Stored items:
****************

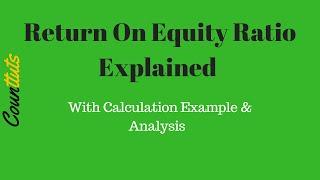 Return On Equity Ratio Explained With Example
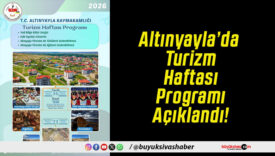 Altınyayla’da Turizm Haftası Programı Açıklandı!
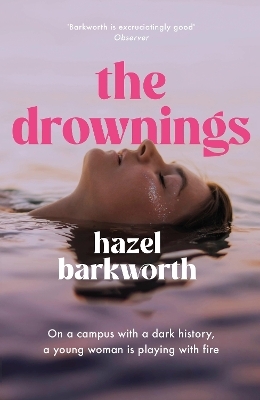 The Drownings - Hazel Barkworth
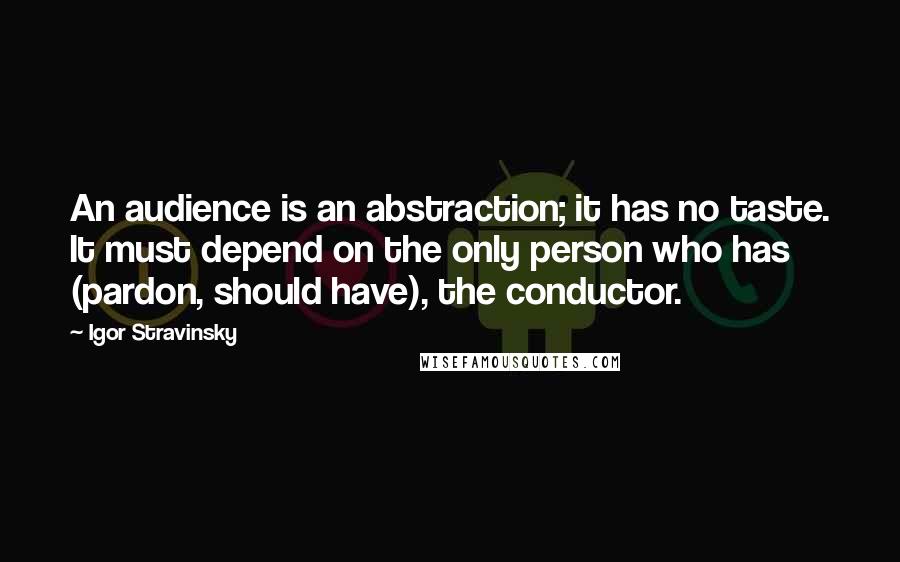 Igor Stravinsky Quotes: An audience is an abstraction; it has no taste. It must depend on the only person who has (pardon, should have), the conductor.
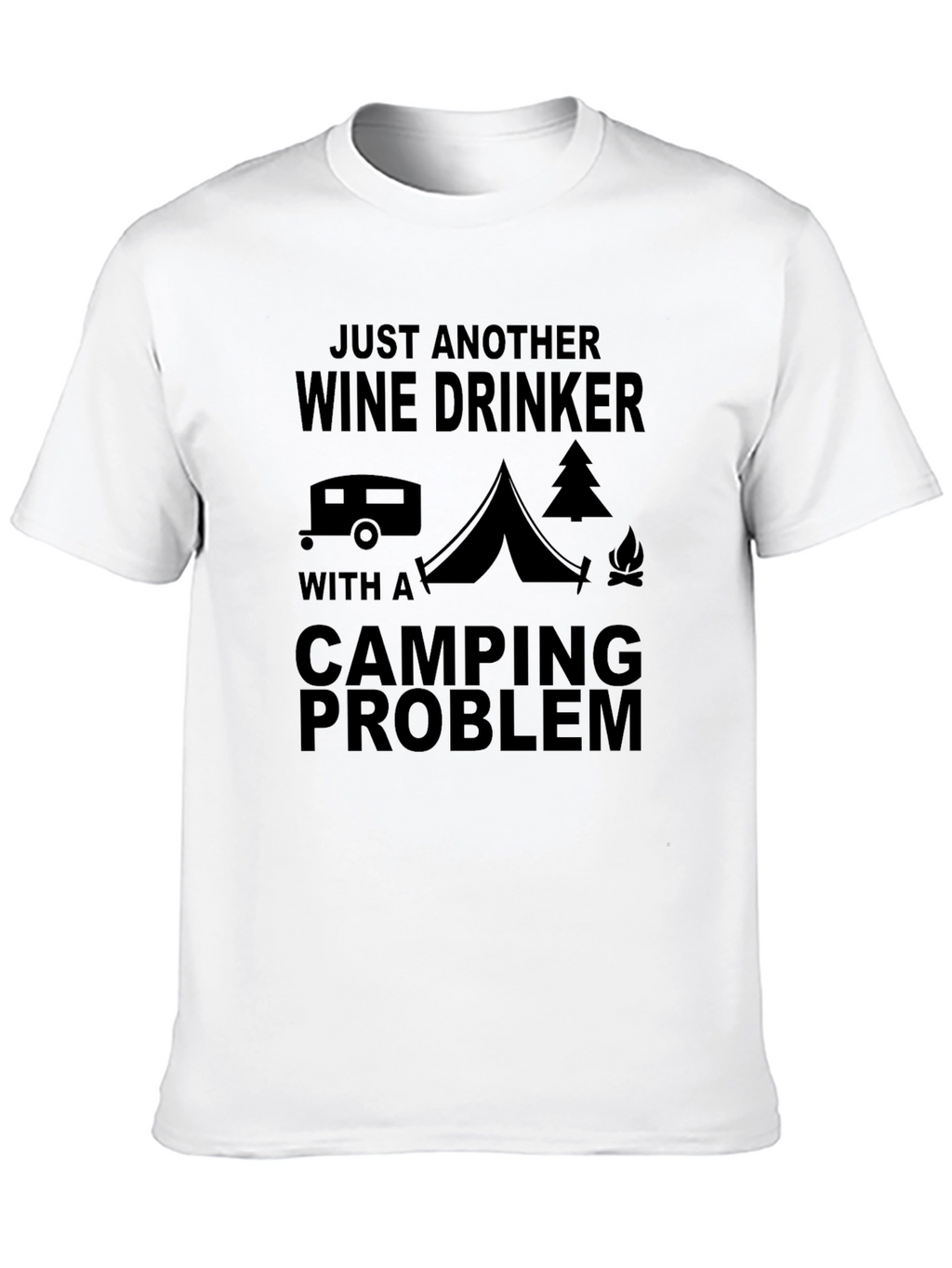 Wine Drinker Camping Problem Graphic Tee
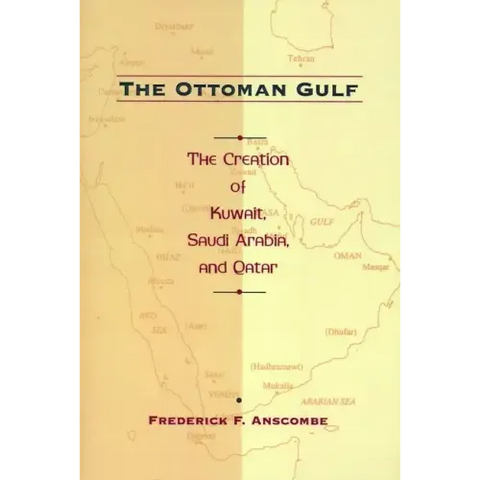 The Ottoman Gulf: The Creation of Kuwait, Saudi Arabia, and Qatar, 1870-1914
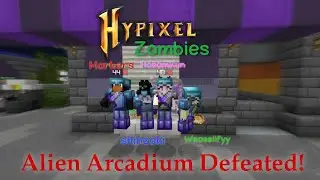 Hypixel Zombies: Alien Arcadium DEFEATED! (My First Win) ft. Friends! | Minecraft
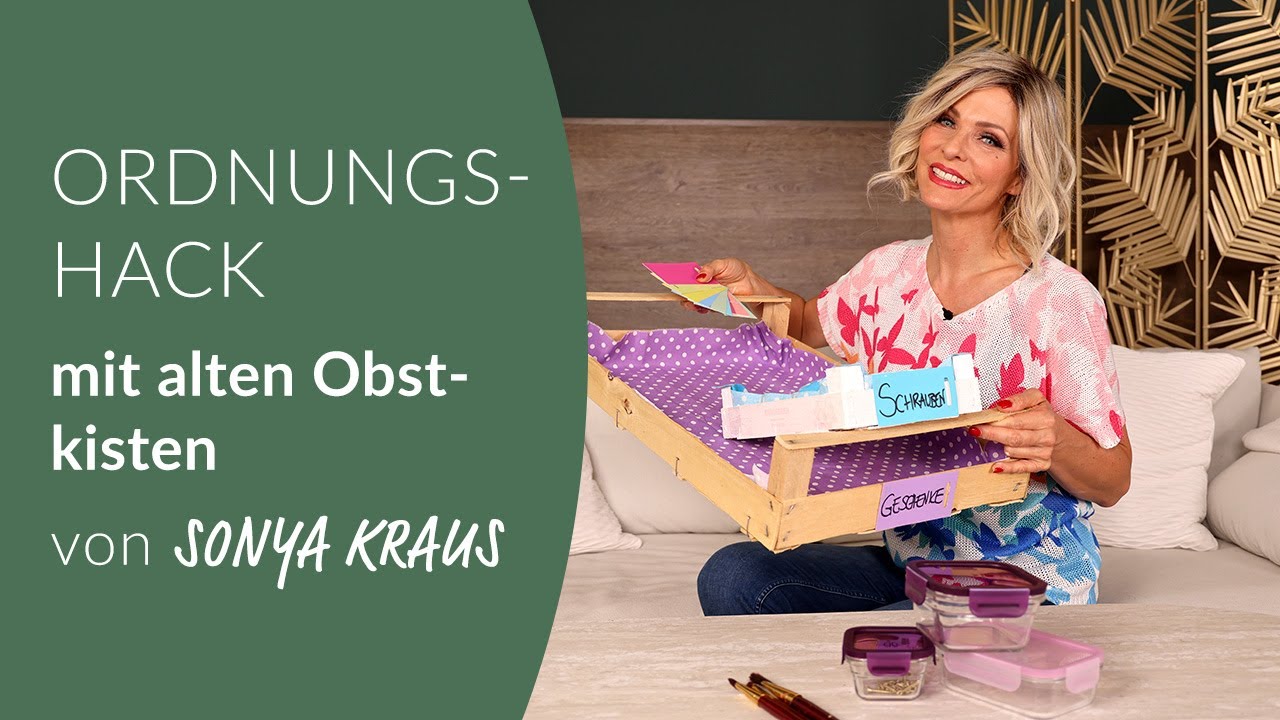 UPCYCLING: Ordnungs-Hack mit alten Obstkisten von Sonya Kraus
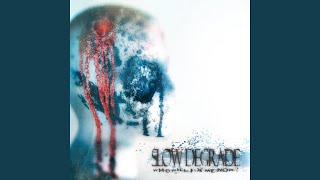 Slow Degrade - BoxCutter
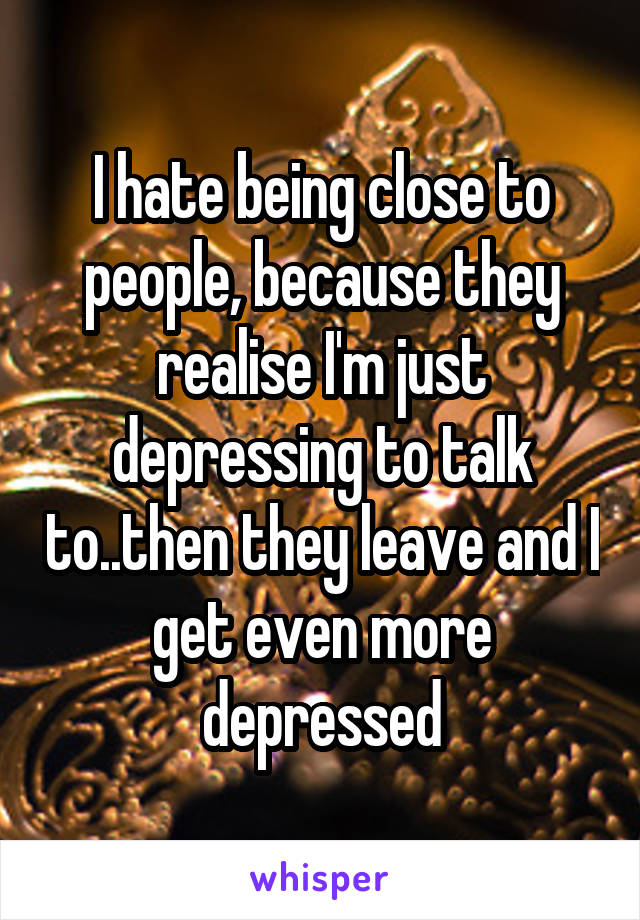 I hate being close to people, because they realise I'm just depressing to talk to..then they leave and I get even more depressed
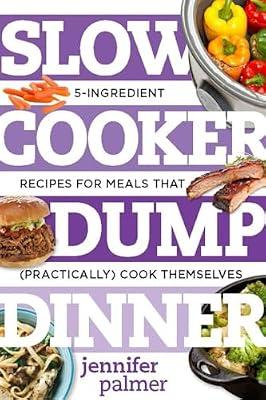 Slow Cooker Dump Dinners by Palmer, Jennifer | Paperback | Quick And Easy Cookery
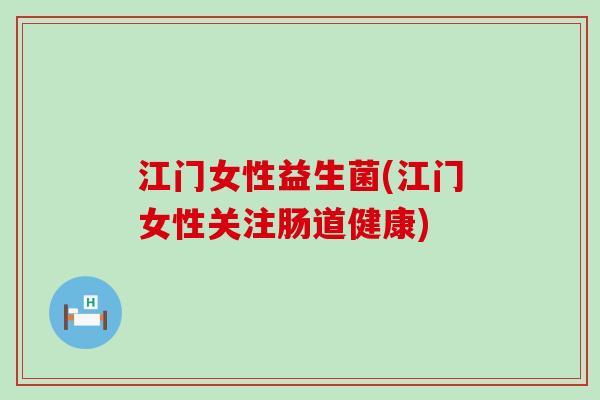 江门女性益生菌(江门女性关注肠道健康)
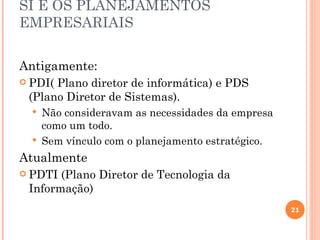 SI E OS PLANEJAMENTOS
EMPRESARIAIS


Antigamente:
 PDI(Plano diretor de informática) e PDS
 (Plano Diretor de Sistemas).
     Não consideravam as necessidades da empresa
      como um todo.
     Sem vínculo com o planejamento estratégico.
Atualmente
 PDTI (Plano Diretor de Tecnologia da
 Informação)
                                                    21
 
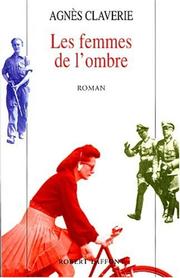 Cover of: Les femmes de l'ombre: roman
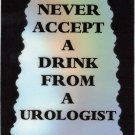 3080 Refrigerator Magnet Sign Funny Friendship Gift Never Accept From Urologist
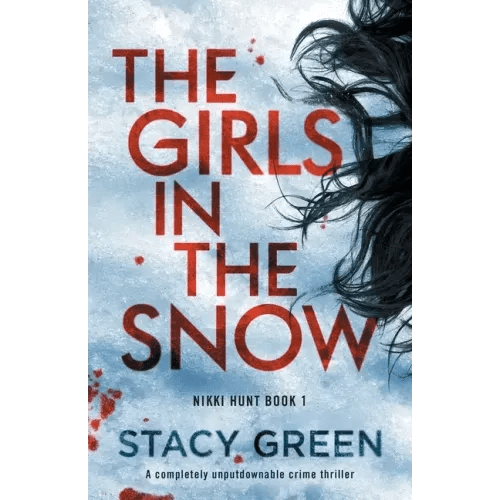 The Girls in the Snow: A completely unputdownable crime thriller - Paperback - iShook Books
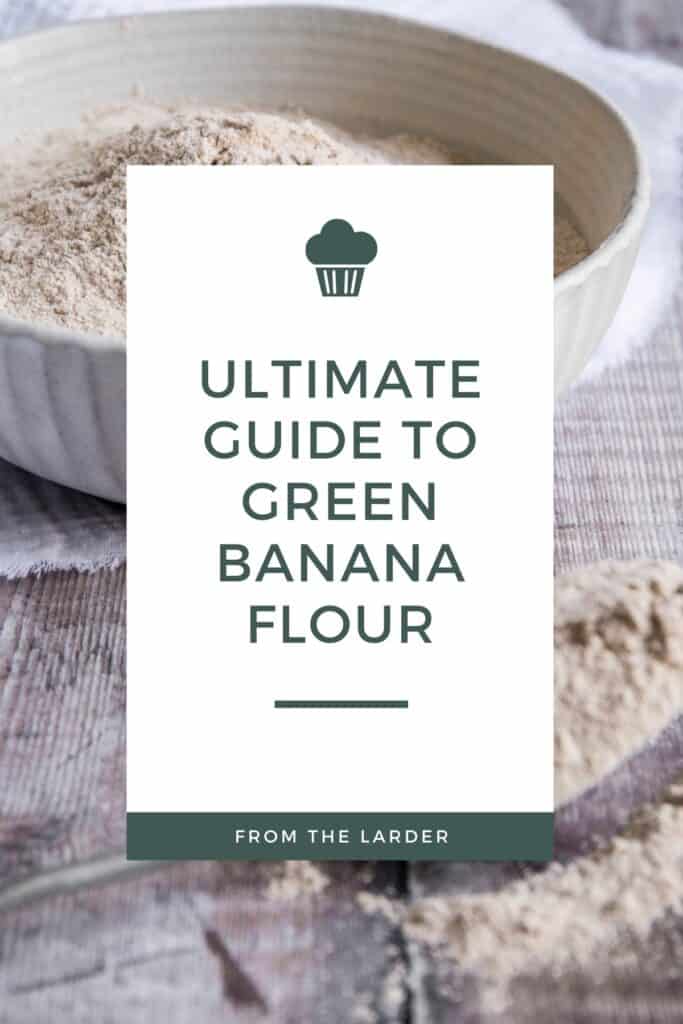 Pin image showing text box with Ultimate Guide to Green Banana Flour in front of an image of the flour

****************

What is expected: Working from the line containing "Informação)" to the last line of the data, retype every line exactly, both ends included, and leave out all pictures.

Task solution:
 Informação)
                                                    21
 
 Cover of: Les femmes de l'ombre: roman
 3080 Refrigerator Magnet Sign Funny Friendship Gift Never Accept From Urologist
 The Girls in the Snow: A completely unputdownable crime thriller - Paperback - iShook Books
 Pin image showing text box with Ultimate Guide to Green Banana Flour in front of an image of the flour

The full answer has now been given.